▸ EXERCISE DETAILS:
The expected output is the data below, character for character, without its pictures.

▸ INFORMATION SUPPLIED:
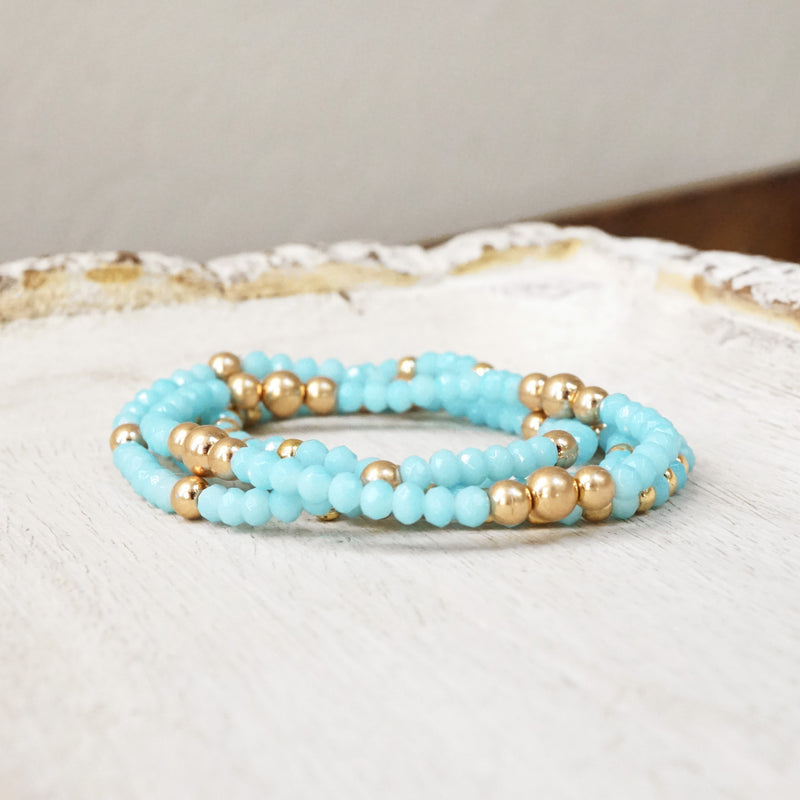 Colorful and Gold tone beads bracelet stack of 3 bracelets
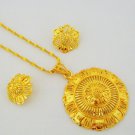 Flower Disc Medallion Filigree Gold Plated Chain Pendant Necklace and Earring Set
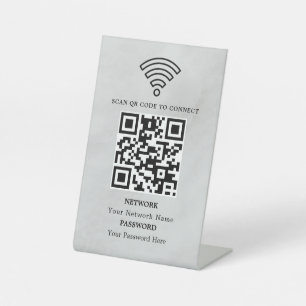 Signe De Table Code QR de réseau WiFi professionnel personnalisé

▸ TASK SOLUTION:
 Colorful and Gold tone beads bracelet stack of 3 bracelets
 Flower Disc Medallion Filigree Gold Plated Chain Pendant Necklace and Earring Set
 Signe De Table Code QR de réseau WiFi professionnel personnalisé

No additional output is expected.